Wie das Magazin "Focus" bei den Finanzministerien der Länder erfuhr, wurden die meisten Selbstanzeigen bislang in Baden- Württemberg registriert (2'966). In Hessen lagen rund 1'700 Selbstanzeigen von hessischen Bürgern mit Geld in der Schweiz vor. Allein hier summierten sich die unversteuerten Kapitalerträge nach Darstellung der Betroffenen auf rund 300 Mio EUR. Der hessische Finanzminister Karlheinz Weimar (CDU) sagte "Bild": "Mehr und mehr Steuersünder sehen ein, dass sie keine Chance haben, unentdeckt zu bleiben."
Nach den Worten Ondraceks soll der Ermittlungsdruck der Steuerfahndung künftig erhöht werden. Schon 2009 hätten Steuerfahnder in 2'400 Fällen Privathäuser durchsucht - 500 mehr als noch vor fünf Jahren. "Jeder soll wissen, dass es auch ihn treffen kann", sagte Ondracek dem "Focus".
Finanzminister Wolfgang Schäuble (CDU) und sein Schweizer Amtskollege Hans-Rudolf Merz hatten am Freitag in Berlin ein neues Steuerabkommen zwischen beiden Ländern präsentiert. "Wir sind entschlossen, das Problem zu lösen", sagte Schäuble.

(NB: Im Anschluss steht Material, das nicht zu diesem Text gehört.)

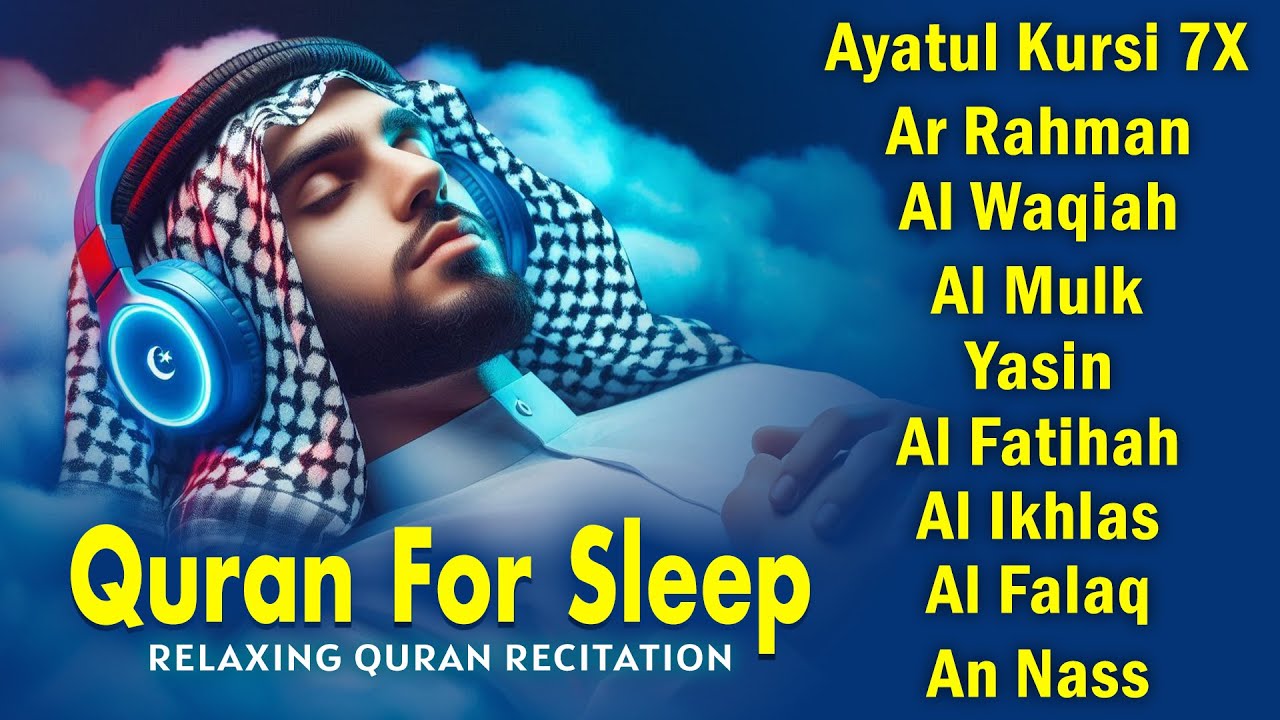 The Best Quran Recitation For Deep Sleep | Al-Fatihah, Ayat Al-kursi, Yasin ,Ar-rahman,AlWaqiah,Mulk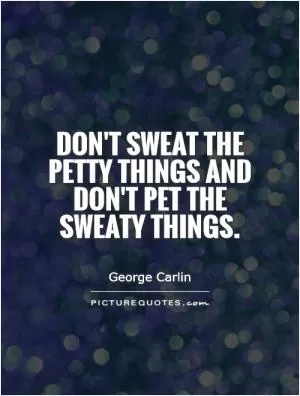 Don't sweat the petty things and don't pet the sweaty things Picture Quote #1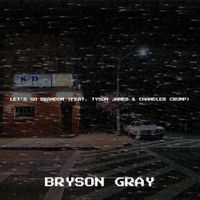 Bryson Gray - Let's Go Brandon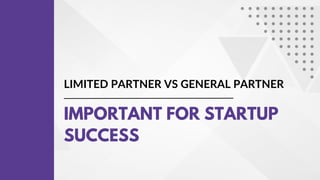 LIMITED PARTNER VS GENERAL PARTNER
IMPORTANT FOR STARTUP
SUCCESS
 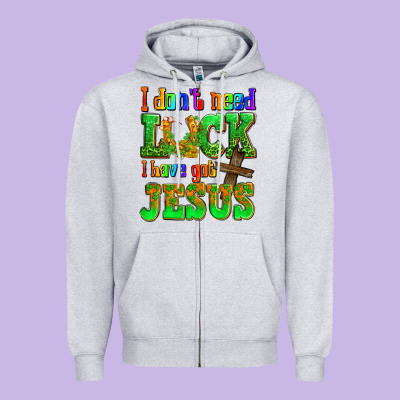 St. Patrick's I Dont Need Luck I Have Got Jesus Zipper Hoodie Designed By Oliviacreatesart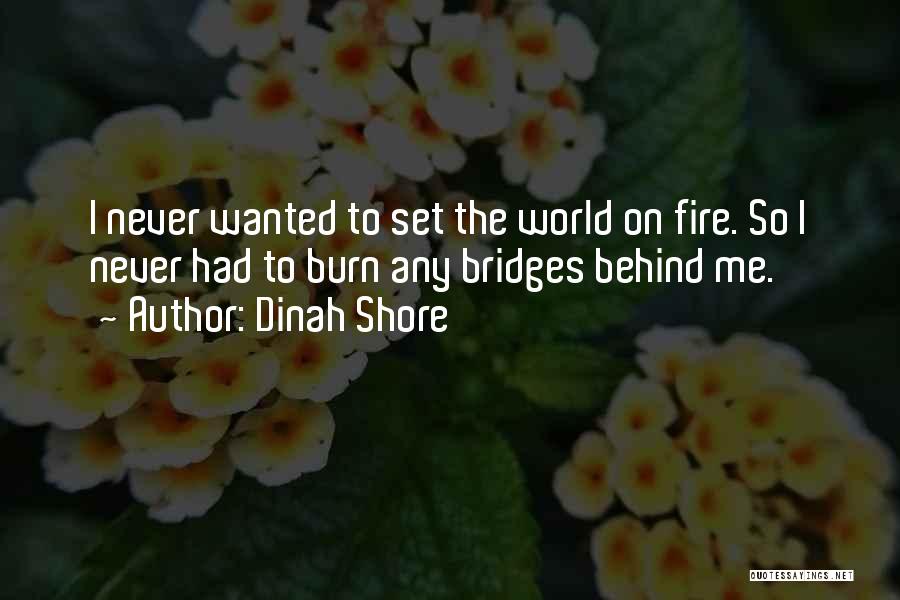 Dinah Shore Quotes: I Never Wanted To Set The World On Fire. So I Never Had To Burn Any Bridges Behind Me.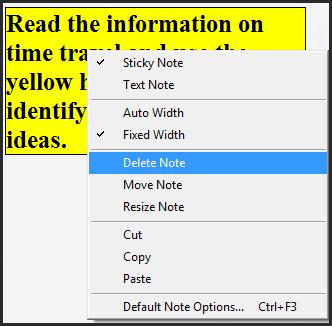 2 To manipulate the sticky note, right-click on the note to open the context menu to allow you to delete it, move it, or resize it.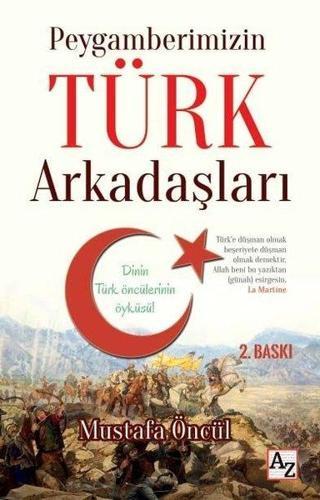 Peygamberimizin Türk Arkadaşları - Mustafa Öncül - Az Kitap
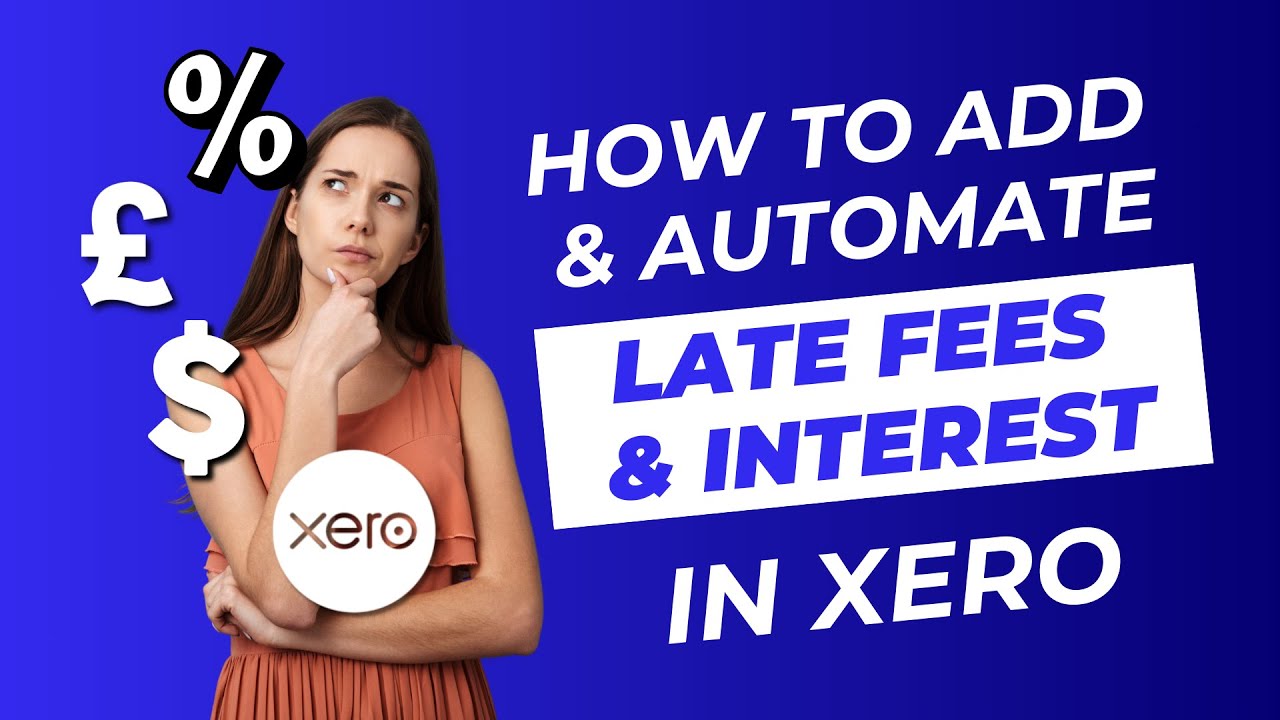 How to Add & Automate Late Fees in Xero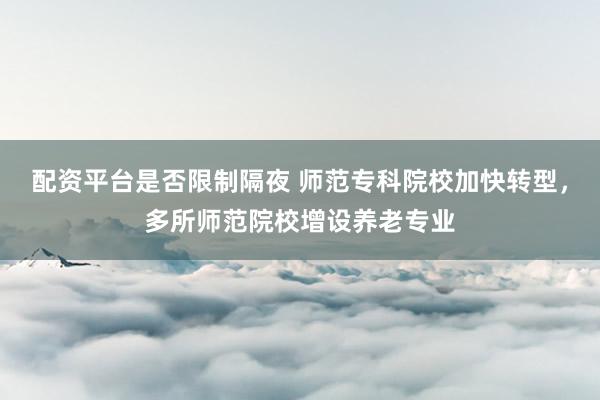 配资平台是否限制隔夜 师范专科院校加快转型，多所师范院校增设养老专业
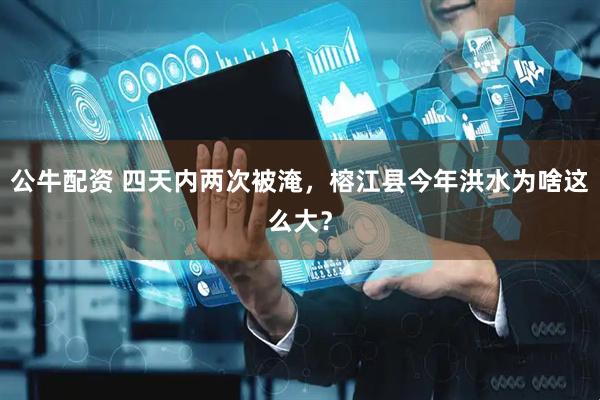 公牛配资 四天内两次被淹，榕江县今年洪水为啥这么大？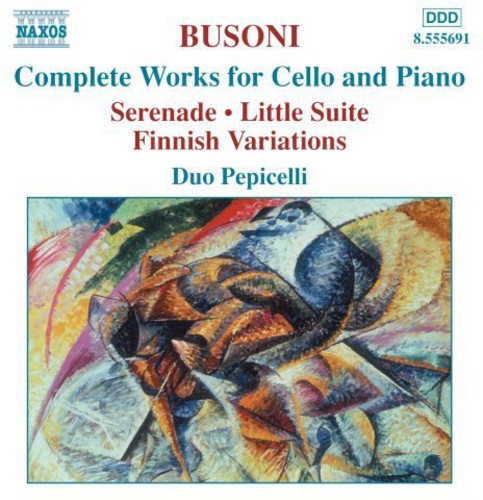 Busoni / Pepicelli - Complete Works For Cello & Piano - Music CD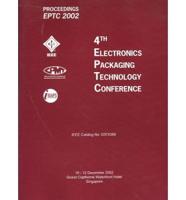 Proceedings of 4th Electronics Packaging Technology Conference (EPTC 2002)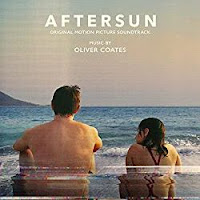 New Soundtracks: AFTERSUN (Oliver Coates)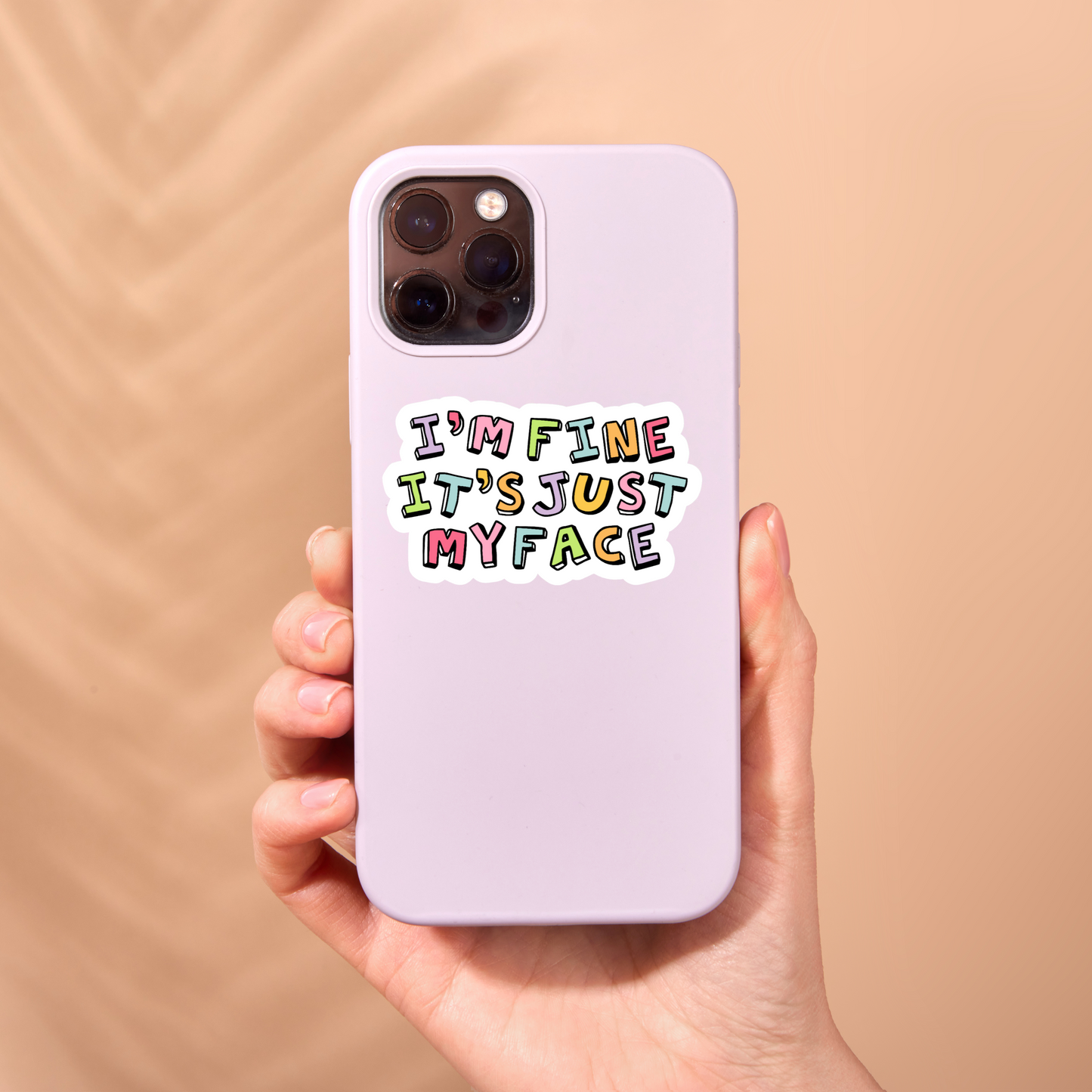 I'm Fine It's Just My Face Sticker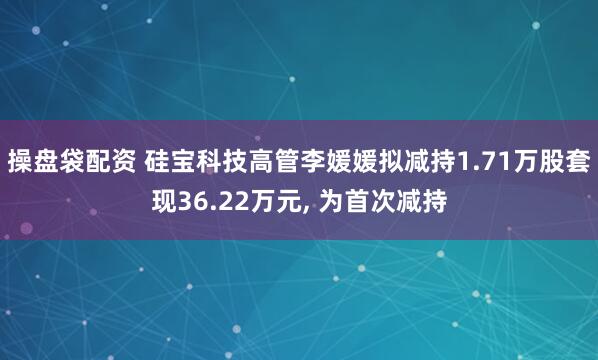 操盘袋配资 硅宝科技高管李媛媛拟减持1.71万股套现36.22万元, 为首次减持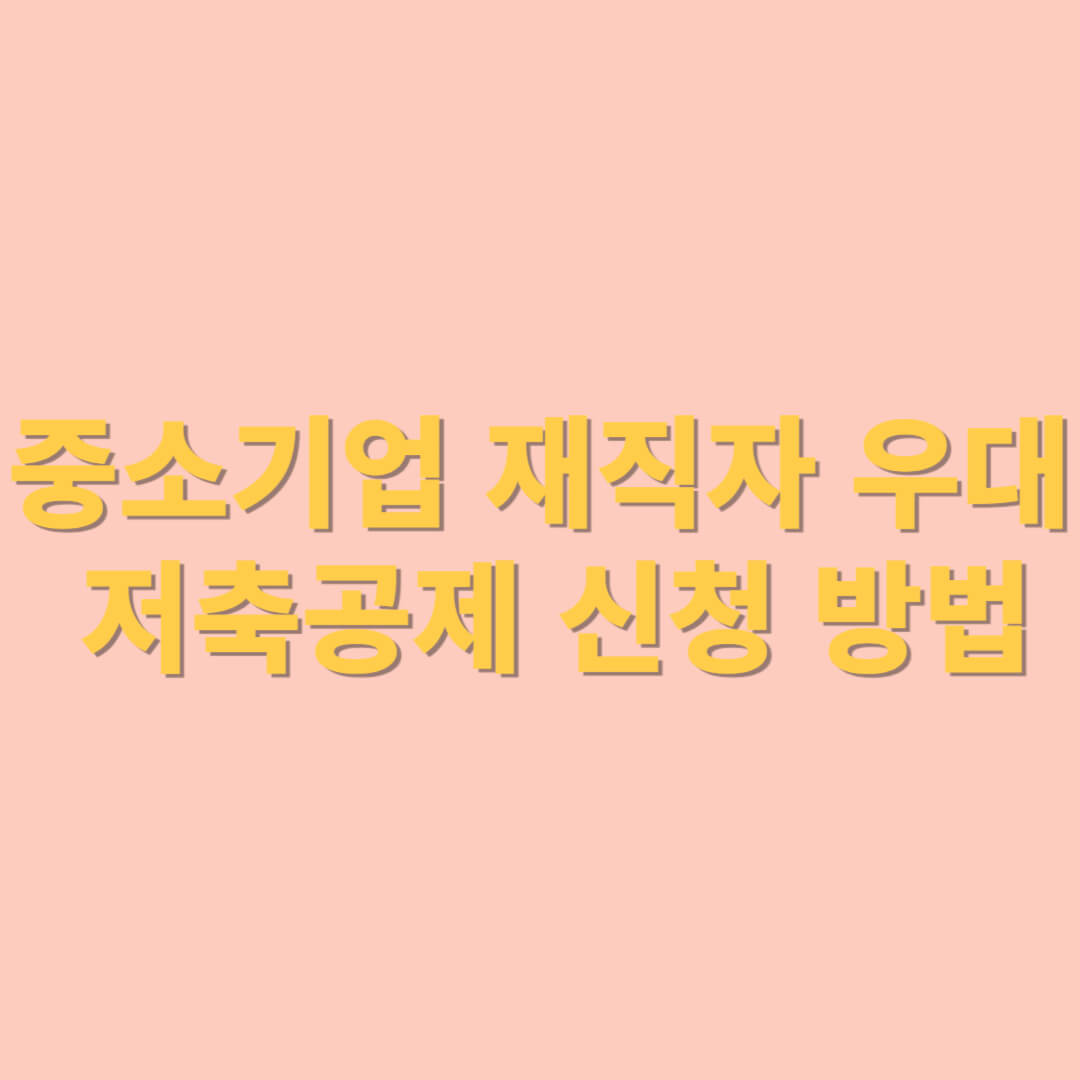 중소기업 재직자 우대 저축공제 신청 방법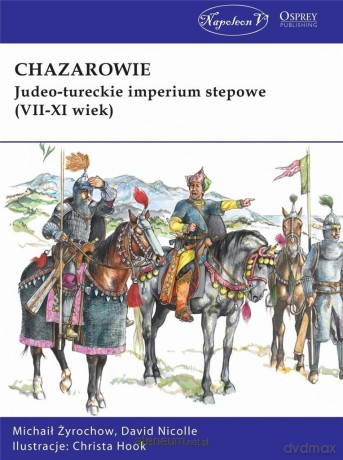Chazarowie. Judeo-tureckie imperium stepowe - Michaił Żyrochow, David Nicolle [KSIĄŻKA]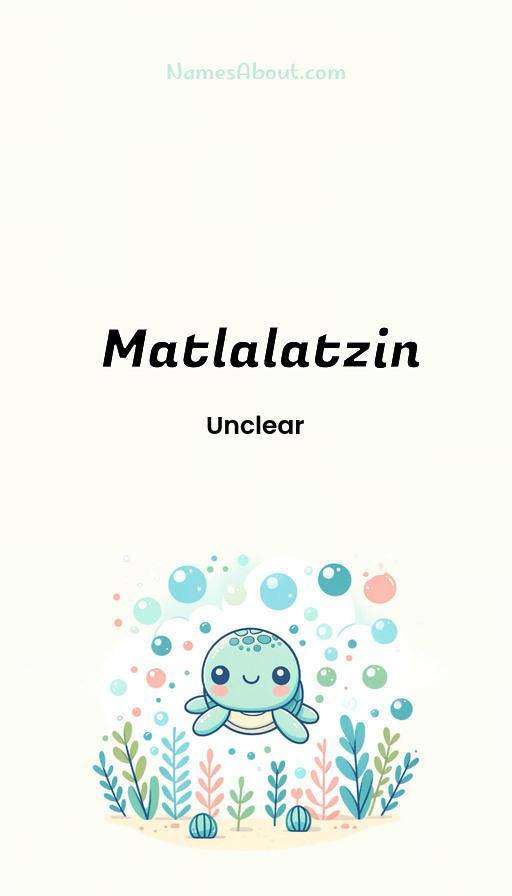 Matlalatzin name and meaning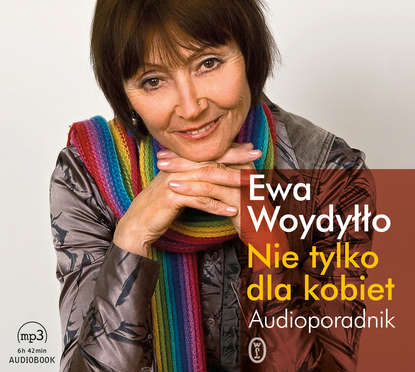 Ewa Woydyłło - Nie tylko dla kobiet. Audioporadnik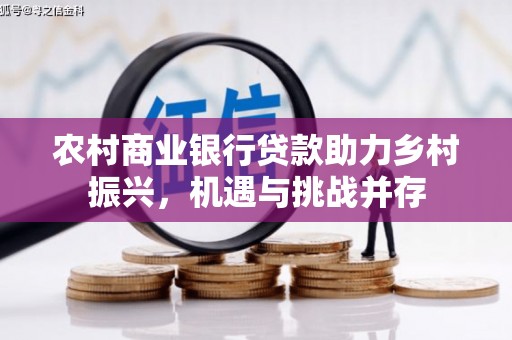 石门农村商业银行贷款助力乡村振兴，机遇与挑战并存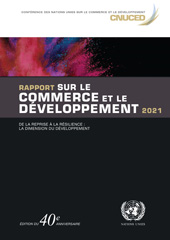 eBook, Rapport sur le commerce et le développement 2021 : De la reprise à la résilience: la dimension du développement, United Nations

Ungeklärt ist, ob der Fiskus an riesige Vermögen deutscher Alt-Anleger herankommt, die über Jahrzehnte unversteuertes Geld bei Schweizer Banken versteckt haben.
Nach Angaben Schäubles wird in den nächsten Monaten gemeinsam mit den Schweizern nach Lösungen gesucht, wie dieses Schwarzgeld erfasst werden kann. Eine Amnestie (Straffreiheit) für diese Steuersünder lehnt Schäuble ab. Merz brachte eine Abgeltungssteuer ins Spiel, um die Altvermögen in Milliardenhöhe zu besteuern.
Noch nicht geklärt ist, wer zusätzlich angebotene Steuerdaten kauft, die dem Land Baden-Württemberg angeboten worden waren. Rheinland-Pfalz erhöhte den Druck auf Schäuble, eine Entscheidung zu treffen. "Die Diskussion um den Kauf dieser Daten muss endlich aufhören", denn sie schade dem Ansehen der Steuerverwaltung, sagte der Mainzer Finanzminister Carsten Kühl (SPD) dem "Spiegel". Baden- Württemberg hatte den Ankauf abgelehnt. Schäuble wollte daraufhin die Daten gemeinsam mit einem anderen Bundesland kaufen. Rheinland-Pfalz steht dafür bereit.